32 The Hairy Devil

“To untangle a snarl, loosen all jams or knots and open a hole

through the mass at the point where the longest end leaves the

snarl. Then proceed to roll or wind the end out through the

center exactly as a stocking is rolled. Keep the snarl open and

loose at all times and do not pull on the end; permit it to

unfold itself.”

THE ASHLEY BOOK OF KNOTS



DURING the night a warm fluke, a tongue of balmy air, licked out from the mainland and tempered the crawling ice margins. The November snow decayed. On Friday afternoon Tert Card, wild with false spring, cut up at the office, played practical jokes, answered the phone in a falsetto and went to the washroom again and again. They smelled the rum on his breath. Nutbeem’s own excitement showed in high voice notes. His departure combined with a waxing moon.

“Going to get Bunny now and take her to Beety’s” said Quoyle. “Then I’ll be back.”

In Beety’s kitchen he drank a cup of tea quickly.

“Beety, it’s Nutbeem’s party tonight. I’m going out early to help him set things up and look over the trailer. God, you make the best bread.” Wolfing it down.

“Well, maybe I won’t be making it no more if Allie Marvel gets her bakery shop going this spring. Bread keeps you tied down to the house and there’s things I’d like to do.” She whispered, “If Dennis can stand it.”

“Dad,” said Bunny, “I want to go to the party.”

“Not this one, you don’t. This is a men’s party. It would not be fun for you.”

“Hey, Quoyle,” said Dennis from in front of the television set in the living room, “suppose you won’t be back here tonight.”

“Well, I will,” said Quoyle, who was sleeping on a cot in the basement workshop until they could move into Nutbeem’s trailer. “Because I’ve got a long day tomorrow. Since the roads are clear. Got to get some things that are still out at the house on the point in the morning, then help Alvin with the boat.”

“If the girls have got spare mittens out there,” said Beety, “bring them back. Show your dad, Sunshine, what happened to your mitts.” The little girl brought a stiff, charred thing.

“She brought in a few junks of wood and her old mitten stuck to a splinter. She didn’t notice and Dennis here, he heaves the wood in the firebox and we smell it. There’s nothing like the stink of burning wool to get your attention. Got it out, but it’s beyond hope. I’m knitting her another one tonight, but you can’t have too many kids’ mittens.”

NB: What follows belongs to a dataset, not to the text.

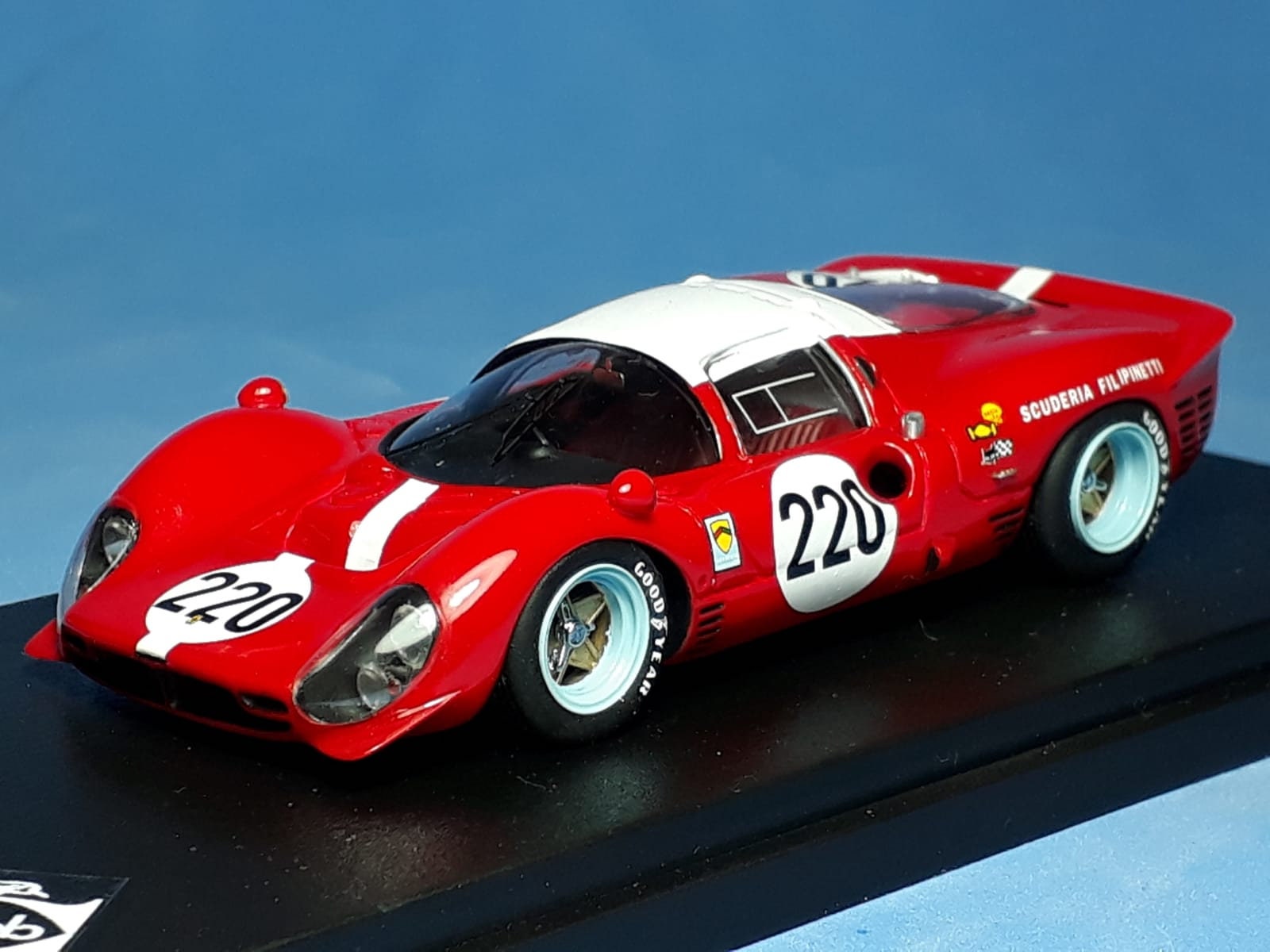 GMP G1804117 Scale 1/18 | FERRARI 412P SCUDERIA FILIPINETTI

Sunshine ran to Quoyle, put her mouth to his ear and sent a loud, tickling message in.

“Dad, Beety is showing me how to knit. I am knitting a Christmas present for you. It’s very hard.”

“Good lord,” said Quoyle, astonished. “And you’re only four years old.”

“It’s kind of a trick, Dad, because it’s just a long, long, fat string and it turns into a scarf. But I can’t show it to you.”

“Are you telling a certain secret?” asked Beety.

“Yes,” said Sunshine, beaming.

“See you later,” said Quoyle.

“See you!” called Dennis eagerly.


¯

It took Quoyle and Nutbeem an hour and a half to get to the trailer. They made long stops at the liquor authority loading boxes of beer and rum into the station wagon until the rear end sagged, stacking the backseat with plastic-wrapped party platters of sliced ham, turkey, cold cuts and red-eyed olives from the town’s only supermarket, then on to the fish processing plant for a tub of ice which Nutbeem somehow lashed on top. Early darkness. A few more weeks until the winter solstice.

“Isn’t this is too much?” said Quoyle. “Too much everything.”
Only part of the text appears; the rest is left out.